By the way, we don't have an isUnique property for sequences...What do you think? It sounds ambiguous in the context of NSCountedSet though.

This is an important point. One of the criteria we've discussed before for justifying addition to the standard library is that it helps people avoid common correctness or performance traps.

To run down the full list, I think this qualifies on a number of levels:

Readability: array.count(where: predicate) is much more readable at a glance than the composed alternatives using lazy.filter or reduce.
Commonality: this is always a subjective one, but I think it's clear this is a common need, and not tied to a specific domain.
Performance: This implementation avoids a performance pitfall of creating an intermediate array. There's also an argument that the Equatable version should be a customization point since some collections can implement it more efficiently (cue @jrose expressing concern we have too many of those).

It doesn't qualify on grounds of being hard to implement, and also (probably) doesn't qualify on grounds of needing access to internals to be more efficient.

I see this as similar to isEmpty, which is trivially composable as startIndex != endIndex but is more readable and avoids people accidentally writing the often-linear count > 0.

edit: ha, I mean startIndex == endIndex of course. Not so trivially composable after all!

17 Likes

And count == 0, of course. It’s always a relief to know other people are human too!

And it does prove the point that even tiny cognitive burdens such as figuring out whether == means “empty” or “not empty” can introduce bugs that clearly named conveniences can help avoid.

4 Likes

It probably also demonstrates that isEmpty is the wrong polarity, like so many people keep saying and that I've been clinging to denial about...

I would say the polarity of a boolean property is a situation similar to that meme about the blue-or-golden dress: if you get it wrong it's either a coincidence or a way of thinking rather than the polarity being incorrect :)

1 Like

:tada:

Examples here are Set forwarding to contains, and the MultiSet/CountedSet example above, right?
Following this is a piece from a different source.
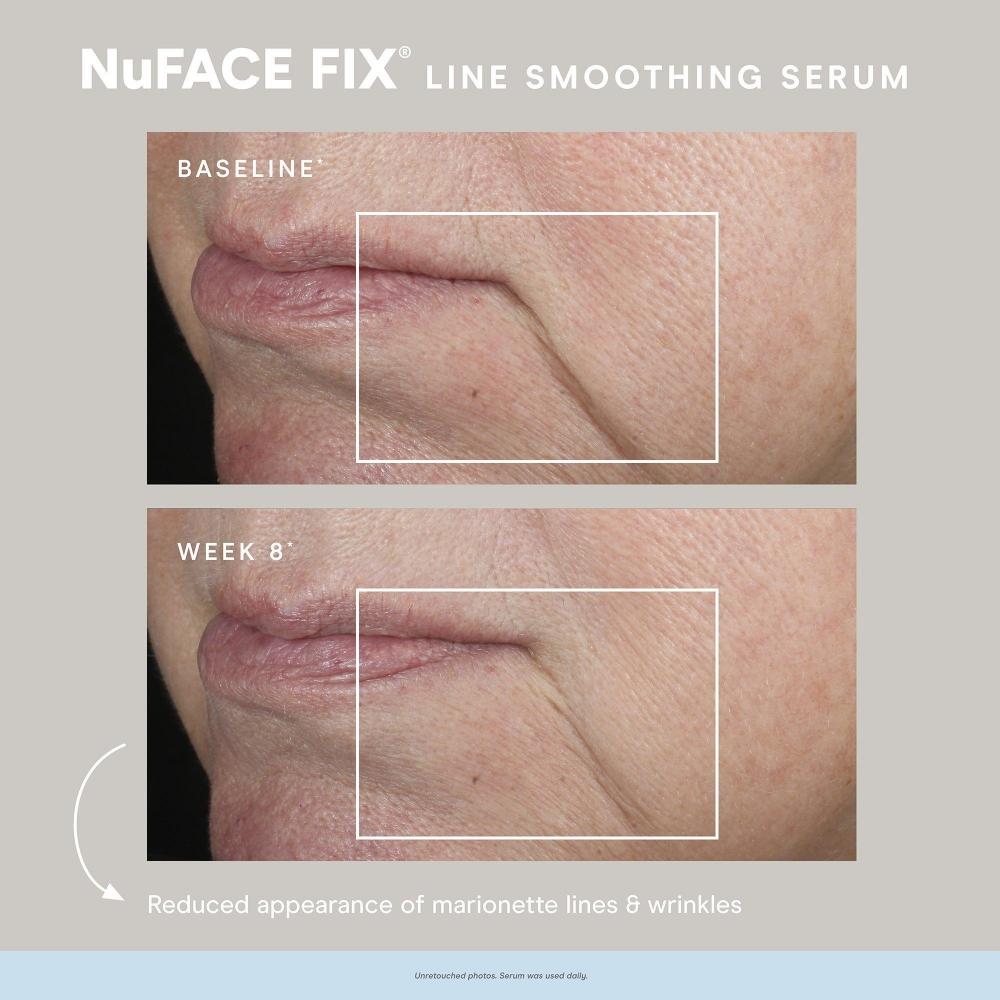 Nuface Line Smoothing Fix Сыворотка с тройным пептидным комплексом 0,5 унции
Anything I'm missing?

A little off-topic, but I think a lot of that is that ! (meaning "not") is a lot harder to read than people want to admit. C.f. the containsOnly/all function, which is "just" two ! operators + contains, which yields absolutely inscrutable code.

The ranges could also return 1 or 0 depending on whether the element was within bounds. And maybe RangeExpression could too depending on what RangeExpression.contains(_: Bound) should mean (as being discussed here). Also Dictionary could optimize to first check the key, then check the value.

3 Likes

Seems more appropriate to have on Collection, as Sequence only has a property to (under)estimate the count.
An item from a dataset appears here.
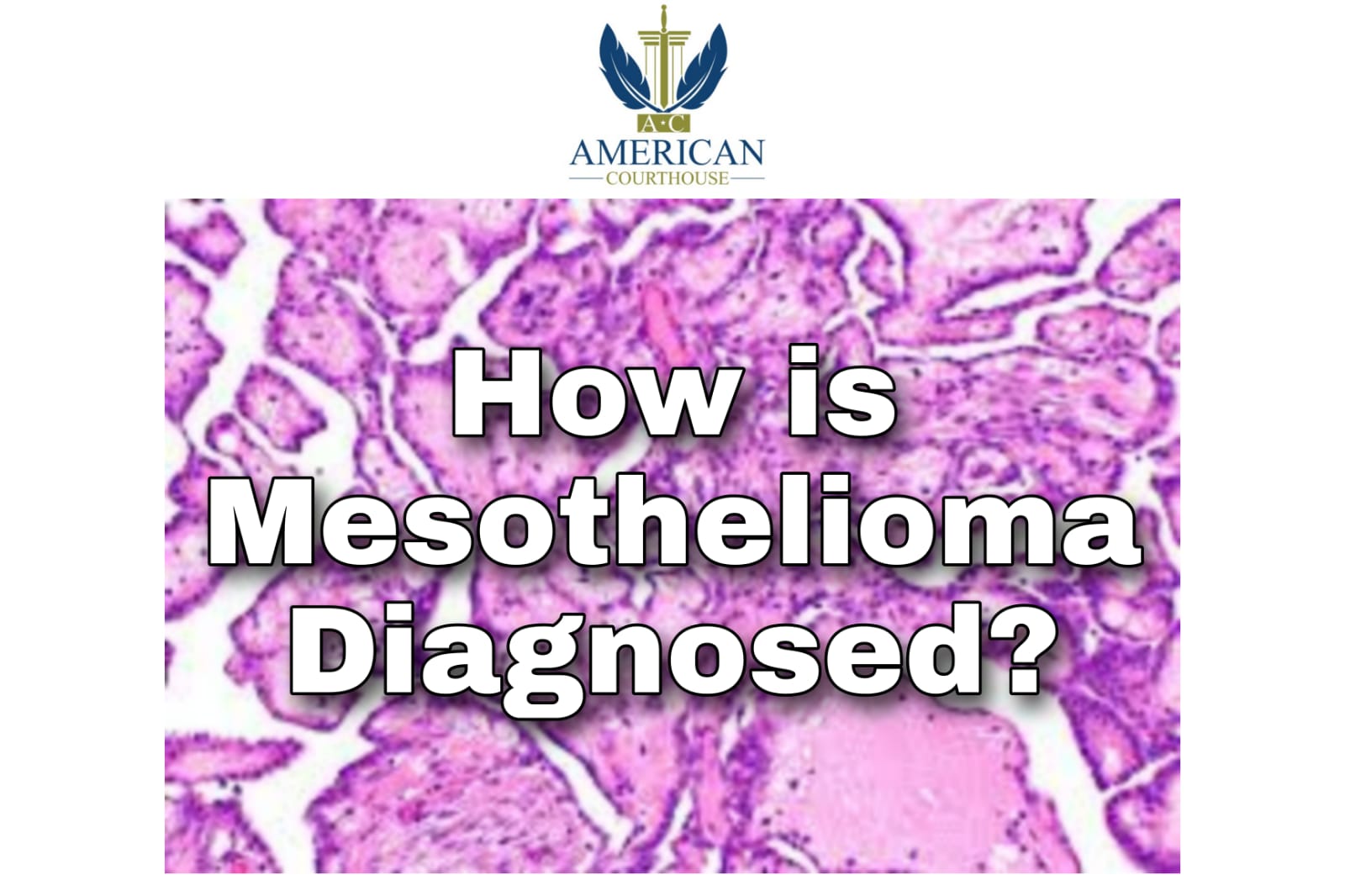 stage 1 mesothelioma symptoms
I think that's becuase count needs to be O(1). where as count(where:) can/will? be O(n). So there doesn't seem to be a need to limit ourselves, unless you have another reason?

Edit: also sequence can be infinite

2 Likes

Count is not defined to be O(1) on Collection - it is O(1) on RandomAccessCollection. https://developer.apple.com/documentation/swift/collection/2950091-count

Correct, I shouldn't be so hasty when reading. Thinking about it more I do think we should probably be more consistent with Sequence as there would've been a valid reason count isn't defined for it.
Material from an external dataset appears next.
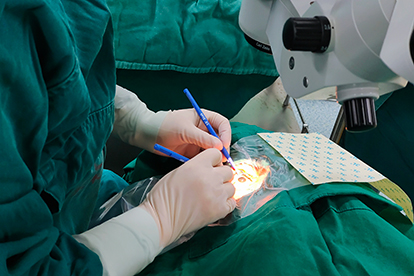 白内障的手术过程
Ran a small test. Below is a slightly more performant version that uses @_inlineable. This is about 60% faster than a lazy.filter implementation.

extension Sequence {
    @_inlineable public func count(where predicate: (Element) throws -> Bool) rethrows -> Int {
        return try reduce(0) { try predicate($1) ? $0+1 : $0 }
    }
}

count is unavailable on Sequence because some sequences are single-pass only, and iterating through it to see how many elements you have would destroy the sequence, and properties aren't supposed to mutate a type. I believe this is why underestimatedCount exists — it doesn't consume the sequence to give you a value, and you can use it for stuff like Array.reserveCapacity.

So the reduce implementation is 2x faster than for loop? Or it's 2x faster than a not @_inlineable reduce?

Here's what I got for the average time over 5k random arrays of 10 integers.

0.00184147862333509 // loop
0.00237991754542921 // reduce
0.00132116151556829 // inline reduce

So the loop is ~22% faster than reduce, inline reduce is ~44% faster than reduce and ~28% faster than loop

2 Likes

Awesome!
agree that count(where:) is the better one.

+1 to filling in obvious missing functionality, thanks @soroush!

-Chris

5 Likes

Any news on this one?

I have a PR open for both the proposal and the implementation, and we are just waiting for the review period to start.

4 Likes

Fantastic, thanks @soroush!

I just had a place today where this really would have helped. I hope it comes up for review soon!